2015-03-24 Thread Greg Chavez
This was excellent advice. It should be on some official Ceph
troubleshooting page. It takes a while for the monitors to deal with new
info, but it works.

Thanks again!
--Greg

On Wed, Mar 18, 2015 at 5:24 PM, Sage Weil s...@newdream.net wrote:

 On Wed, 18 Mar 2015, Greg Chavez wrote:
  We have a cuttlefish (0.61.9) 192-OSD cluster that has lost network
  availability several times since this past Thursday and whose nodes were
 all
  rebooted twice (hastily and inadvisably each time). The final reboot,
 which
  was supposed to be the last thing before recovery according to our data
  center team, resulted in a failure of the cluster's 4 monitors. This
  happened yesterday afternoon.
 
  [ By the way, we use Ceph to back Cinder and Glance in our OpenStack
 Cloud,
  block storage only; also this network problems were the result of our
 data
  center team executing maintenance on our switches that was supposed to be
  quick and painless ]
 
  After working all day on various troubleshooting techniques found here
 and
  there, we have this situation on our monitor nodes (debug 20):
 
 
  node-10: dead. ceph-mon will not start
 
  node-14: Seemed to rebuild its monmap.
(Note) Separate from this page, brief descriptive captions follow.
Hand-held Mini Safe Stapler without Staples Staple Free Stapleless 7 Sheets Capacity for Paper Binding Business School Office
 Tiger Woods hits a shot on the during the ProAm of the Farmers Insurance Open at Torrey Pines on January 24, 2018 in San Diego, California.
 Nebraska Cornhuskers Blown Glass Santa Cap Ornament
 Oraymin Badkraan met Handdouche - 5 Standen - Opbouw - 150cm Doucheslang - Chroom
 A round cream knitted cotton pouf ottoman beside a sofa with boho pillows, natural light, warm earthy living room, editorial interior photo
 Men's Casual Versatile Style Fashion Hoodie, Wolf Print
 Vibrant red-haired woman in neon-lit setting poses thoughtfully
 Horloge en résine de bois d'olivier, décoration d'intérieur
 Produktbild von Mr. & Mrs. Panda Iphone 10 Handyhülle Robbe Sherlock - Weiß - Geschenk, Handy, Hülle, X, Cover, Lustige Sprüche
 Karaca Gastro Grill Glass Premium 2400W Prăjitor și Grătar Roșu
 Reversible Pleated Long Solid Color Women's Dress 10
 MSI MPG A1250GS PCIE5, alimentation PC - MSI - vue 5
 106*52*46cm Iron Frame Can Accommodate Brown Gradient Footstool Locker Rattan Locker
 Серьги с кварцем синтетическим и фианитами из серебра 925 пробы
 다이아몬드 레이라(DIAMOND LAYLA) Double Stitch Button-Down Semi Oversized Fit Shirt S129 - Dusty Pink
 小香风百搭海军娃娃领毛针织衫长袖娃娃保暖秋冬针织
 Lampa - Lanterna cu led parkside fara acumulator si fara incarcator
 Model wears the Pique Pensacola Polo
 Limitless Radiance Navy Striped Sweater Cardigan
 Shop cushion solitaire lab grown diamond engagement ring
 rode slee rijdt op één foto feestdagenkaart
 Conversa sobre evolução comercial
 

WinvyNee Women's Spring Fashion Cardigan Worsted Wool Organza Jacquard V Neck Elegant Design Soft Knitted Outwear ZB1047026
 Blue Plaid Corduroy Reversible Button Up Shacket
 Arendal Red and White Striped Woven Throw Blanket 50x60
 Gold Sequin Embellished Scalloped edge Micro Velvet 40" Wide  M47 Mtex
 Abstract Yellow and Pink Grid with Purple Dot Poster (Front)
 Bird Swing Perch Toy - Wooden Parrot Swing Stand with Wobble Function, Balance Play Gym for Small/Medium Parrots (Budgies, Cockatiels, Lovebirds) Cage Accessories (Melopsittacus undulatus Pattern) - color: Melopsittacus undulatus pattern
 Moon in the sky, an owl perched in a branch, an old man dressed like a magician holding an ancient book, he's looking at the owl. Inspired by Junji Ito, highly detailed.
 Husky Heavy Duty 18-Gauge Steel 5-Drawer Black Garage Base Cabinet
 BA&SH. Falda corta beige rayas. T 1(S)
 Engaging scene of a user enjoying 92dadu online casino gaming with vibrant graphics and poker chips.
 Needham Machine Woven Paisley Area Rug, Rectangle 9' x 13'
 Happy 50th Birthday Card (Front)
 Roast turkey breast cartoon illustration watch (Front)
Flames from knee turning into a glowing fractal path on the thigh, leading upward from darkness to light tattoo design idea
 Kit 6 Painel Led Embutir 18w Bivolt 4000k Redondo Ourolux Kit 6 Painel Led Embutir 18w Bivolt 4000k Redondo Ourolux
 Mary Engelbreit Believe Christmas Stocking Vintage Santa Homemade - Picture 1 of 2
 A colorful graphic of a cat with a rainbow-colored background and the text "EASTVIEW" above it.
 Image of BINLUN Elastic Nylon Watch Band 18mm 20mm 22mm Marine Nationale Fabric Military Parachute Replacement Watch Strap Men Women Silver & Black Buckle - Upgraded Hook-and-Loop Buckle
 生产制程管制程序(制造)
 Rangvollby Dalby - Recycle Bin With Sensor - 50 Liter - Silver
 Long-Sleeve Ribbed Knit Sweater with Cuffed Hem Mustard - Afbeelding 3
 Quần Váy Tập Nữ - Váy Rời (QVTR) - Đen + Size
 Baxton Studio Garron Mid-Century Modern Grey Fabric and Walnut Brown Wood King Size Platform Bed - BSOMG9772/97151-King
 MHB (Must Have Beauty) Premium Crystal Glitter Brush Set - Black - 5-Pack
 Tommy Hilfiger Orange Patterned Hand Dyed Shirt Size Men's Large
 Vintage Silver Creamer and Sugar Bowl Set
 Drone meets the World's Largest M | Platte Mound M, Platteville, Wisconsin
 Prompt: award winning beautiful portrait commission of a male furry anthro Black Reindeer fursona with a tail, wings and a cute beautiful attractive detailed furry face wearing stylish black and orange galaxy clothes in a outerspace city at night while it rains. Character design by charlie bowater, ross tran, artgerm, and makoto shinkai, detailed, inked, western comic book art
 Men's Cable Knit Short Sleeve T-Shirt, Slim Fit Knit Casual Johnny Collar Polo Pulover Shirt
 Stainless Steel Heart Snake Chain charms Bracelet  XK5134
The log has stopped reporting with
  this final tail -100: http://pastebin.com/tLiq2ewV
 
  node-16: Same as 14, similar outcome in the
  log: http://pastebin.com/W87eT7Mw
 
  node-15: ceph-mon starts but even at debug 20, it will only ouput this
 line,
  over and over again:
 
 2015-03-18 14:54:35.859511 7f8c82ad3700 -1 asok(0x2e560e0)
  AdminSocket: request 'mon_status' not defined
 
  node-02: I added this guy to replace node-10. I updated ceph.conf and
 pushed
  it to all the monitor nodes (the osd nodes without monitors did not get
 the
  config push). Since he's a new guy the log out is obviously different,
 but
  again, here are the last 50 lines: http://pastebin.com/pfixdD3d
 
 
  I run my ceph client from my OpenStack controller. All ceph -s shows me
 is
  faults, albeit only to node-15
 
  2015-03-18 16:47:27.145194 7ff762cff700  0 -- 192.168.241.100:0/15112 
  192.168.241.115:6789/0 pipe(0x7ff75000cf00 sd=3 :0 s=1 pgs=0 cs=0
 l=1).fault
 
 
  Finally, here is our ceph.conf: http://pastebin.com/Gmiq2V8S
 
  So that's where we stand. Did we kill our Ceph Cluster (and thus our
  OpenStack Cloud)?

 Unlikely!  You have 5 copies, and I doubt all of them are unrecoverable.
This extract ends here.